Your documentation in Notion is annoying me because at the bottom of each page you have no footer, no navigation, nothing. So after each page I've read, I have to use the top left breadcrumb, remember which page I've just read and find the next page in the list to continue reading through your documentation.


Maybe they should use Nimbus for their documentation? Nimbus Note, that is: https://nimbusweb.me/ . I use Nimbus Note occasionally, it’s a bit confusing, both using the same name.


Noted and very fair comment - thats definitely an area that we want to upgrade.


Is there any cloud dev env that supports development of graphical applications that aren't webapps ?


Are you hiring for customer service or engineering roles by any chance?


Great stuff. Looking forward to JB Gateway compatibility! Really looking forward to cloud environments being more of a "thing". All the places I've worked at have struggled with various Dev environment issues


Nimbus is now compatible with JB Gateway actually even though we don't have an official JB plugin, which we are actively working on already!

Feel free to check out our doc about how to set it up here: https://www.notion.so/Connect-to-Nimbus-workspace-8c7c5b41d9...


Yes! I think the problem is that it looks simple to build. But once you get in the weeds - its not so easy to manage performance, flexibility and stability :)


Great product, it's true that there are not many options to optimize and make more efficient the day to day of an engineer working on small-medium size companies. This product has great future.


Thank you for the support!


Not to pull attention away from the OP but do these web-based dev environments have any traction in larger organizations? To me this seemed like a novel way to enforce strictness in SDLC for junior devs writing javascript-like code but never came close to having the real IDE on your machine.

The only area where I can see this making sense is in the realm of AI/ML where you need beefy GPU's and resources to train models and it's easier to keep them close to the runners.

What's the value prop for something like this (or code spaces, or <insert name of some cloud dev ide service>)?

If you need reproducible builds? Why not just use docker?


Liusha from Nimbus here.

Actually the larger the organizations the more necessary a cloud-based dev environment solution. That is why all the tech giants have a solution internally like Nimbus and all organizations with more than 500 engineers that I have talked to have something like Nimbus.

> To me this seemed like a novel way to enforce strictness in SDLC for junior devs writing javascript-like code...

The key is not to enforce a strict SDLC. The key word is `Consistent`. I can see some exceptions where teams want to have inconsistent environments but I believe vast majority of the teams want to have consistent environment within their eng org. It means easier onboarding, fast recovery, and better collaboration.

> ... but never came close to having the real IDE on your machine.

If you are doing iOS development or something similar I would agree that IDE on your machine is a necessary. After all, you still need XCode. (even that, I see technologies are catching up...) But other than those native apps, I don't see real difference between a local vs cloud dev environment.

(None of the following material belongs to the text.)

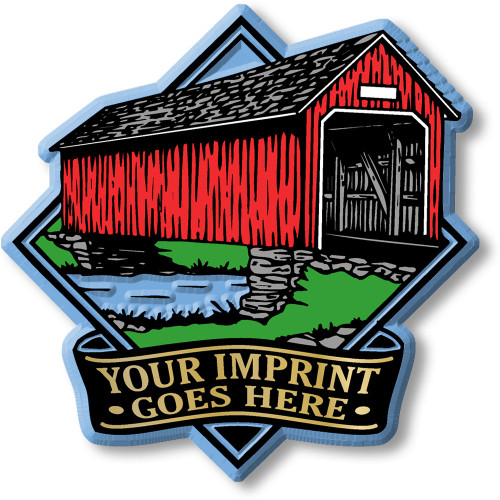 Covered Bridge Diamond Imprint Magnet, Collectible 3D-Molded Rubber Souvenir, Made in the USA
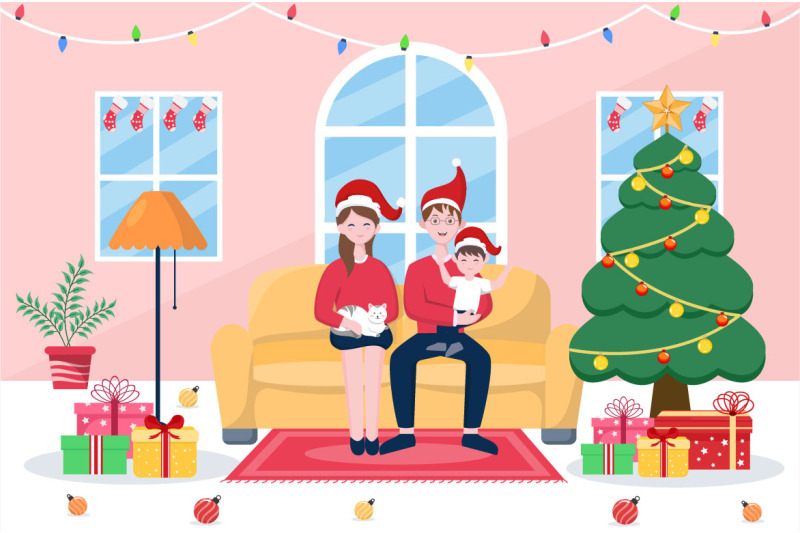 8-merry-christmas-with-family-and-santa-background-vector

Can you share some examples? What can you do on local but very difficult/impossible to do on cloud dev env?

> If you need reproducible builds? Why not just use docker?

Here are some of my thoughts:

  1. in a small scale (3 micro-services + 1 DB + 1 webapp), I think docker does an amazing job to ensure reproducible builds. But as the complexity grow, docker starts to shift from part of the solution to part of the problem. Just to throw out some questions: how to manage compatibility if a team uses Windows, Mac, Linux at the same time, even with different versions? How to ensure 237 of my engineers do not have a broken environment when I want to bump the docker version? 

  2. There are things should not be part of docker images and those things are more troublesome than the build itself sometimes. For example: credentials, env vars, and so on. I don't remember how many times I need to ask a bunch of people just to get the credentials right. 

  3. Even an amazing tool like Docker does not have 100% of the market. So we may be a good alternative for the teams who choose not to use Docker.

Of course, there are various solutions to those different problems. I believe we are one of them. Moreover, I believe we can integrate with other solutions to solve the bigger problems.


Thanks for the detailed explanation. You're right, "consistent" SDLC is what I meant. For compatibility, docker itself is kind of a sort of standard. I say sort of because of OCI. The idea is that if you run your own registry, create your own base images (and include your security team's input) and enforce a policy where you can only pull from your registry than development is forced to use your standard images, your standard environment. We've even gone so far as to then incorporate terraform to standardize the deployments. Having an M1 Mac with 8 cores and 8 gpu feels like overkill if I'm just going to login to a website and code. How do you handle desktop codebases? Electron apps? OpenGL w32 apps? There's still room for an IDE on my mac. I guess my biggest concern with platforms like yours is the fact that big brother can always slip a timeclock in there.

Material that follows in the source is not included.